Our approach is to consider a binary program with the program structures that are commonly used in compiler techniques. The code is split into basic blocks organized into a control-flow graph, and this control-flow graph is structured as a hierarchy of loops. This can be done with well-known, textbook techniques, and many systems have used a similar approach (even though our experience suggests many of them fail to deal properly with some binary code specific artifacts, like irreducible loops). From that point, approaches vary widely, but no systematic and efficient technique seemed precise and accurate enough. We have chosen to base the rest of the analysis on the Static Single Assignment form, which has been tremendously useful in developing source level or intermediate representation level compiler optimizations. We have shown that, by not trying to be overly precise from early on, one can extract an interesting representation of a binary program from its binary code.

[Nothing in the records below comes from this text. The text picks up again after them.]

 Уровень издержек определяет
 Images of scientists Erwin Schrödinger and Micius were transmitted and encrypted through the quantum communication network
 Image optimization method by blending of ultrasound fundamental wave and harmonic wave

Extracting the memory behavior of a program means constructing a representation of the program that explicitly expresses how the program will access memory, in a manner that is amenable to detailed analysis. The hierarchy of loops provides the global structure, and an SSA-based symbolic analysis details how the individual memory accesses vary from one iteration to the other. This requires two analysis phases after the program is in SSA form. The first phase is mixing program slicing and forward substitution to express every memory address symbolically. The second phase focuses on loops and determines which registers hold values that vary linearly across loop iterations. The resulting representation is a program where memory accesses are defined by linear combinations of loop counters and parameters (specific register versions), with the latter hopefully loop invariant. This representation is actually very similar to the one used for static control programs (when applicable), and forms the basis of almost all parallelization techniques. These results have already been published [13] , and the conference program committee has invited us to prepare an extended version of this paper for publication in an international journal in 2011.

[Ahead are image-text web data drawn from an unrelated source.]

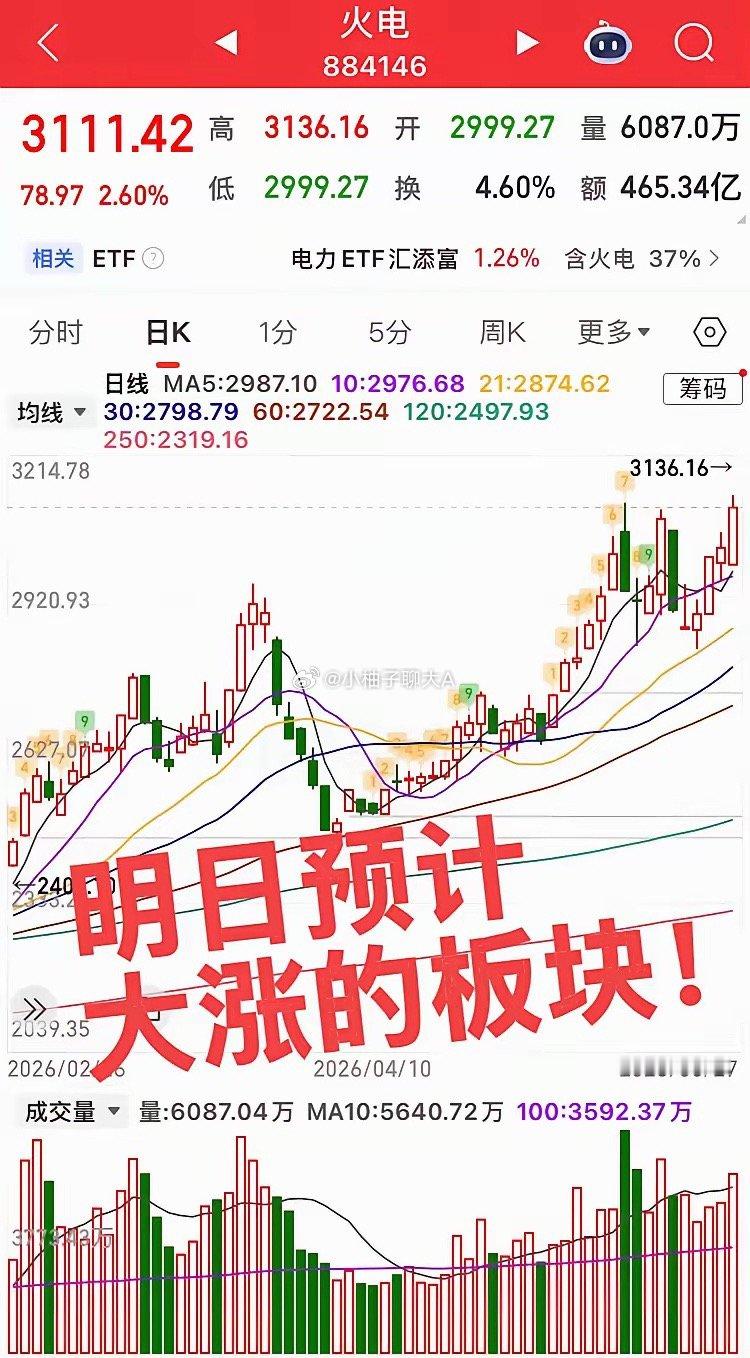 明天预计大涨的板块！今日大科技高位震荡调整，屡创新低的白酒大涨，但是当下的硬逻辑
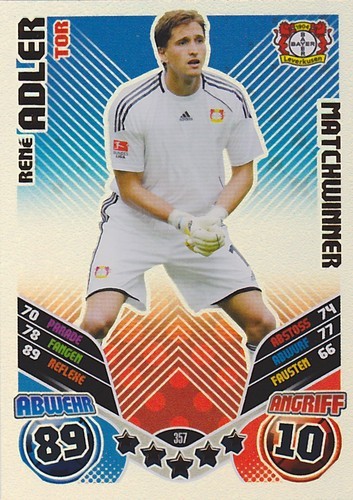 Rene Adler - Matchwinner - Match Attax 11/12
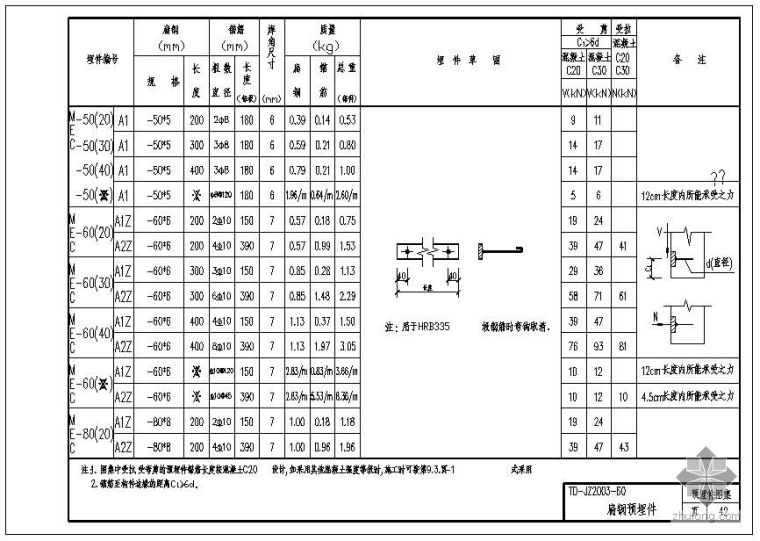 预埋件图集资料下载-某扁钢预埋件节点构造详图集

Building on this foundation, we have developed several techniques to enhance our basic strategy. The major limitation of our strategy, as just described, is that it restricts itself to address computations that happen completely inside the registers, ignoring any flow of data to and from memory. Fully characterizing this traffic being clearly out of reach (it would mean completely solving a general parametrized dependence problem), we have chosen to solve a restricted problem: separating access to the current stack-frame from the accesses to the rest of the memory. This requires a specific form of points-to analysis, that is able to determine whether a given address “points to” a location inside the current stack-frame, or to a location outside of it. In many cases this lets the system determine that two memory address expressions either cannot alias, because they point to separate portions of memory, or may alias, in which case a simple and conservative comparison of address expressions can decide whether they designate the same memory location. We solve this problem with a forward data-flow analysis. It appears that most of the time, this approach is enough to let the system track the flow of data through the stack-slots, which, in turn, provides some rough equivalent to use-def links for these stack slots. When used to derive symbolic expressions for memory addresses (as explained above), it lets the slicing process go further back, and lets the induction variable resolution apply to stack slots. The overall result is that more loops are completely understood by the decompilation process.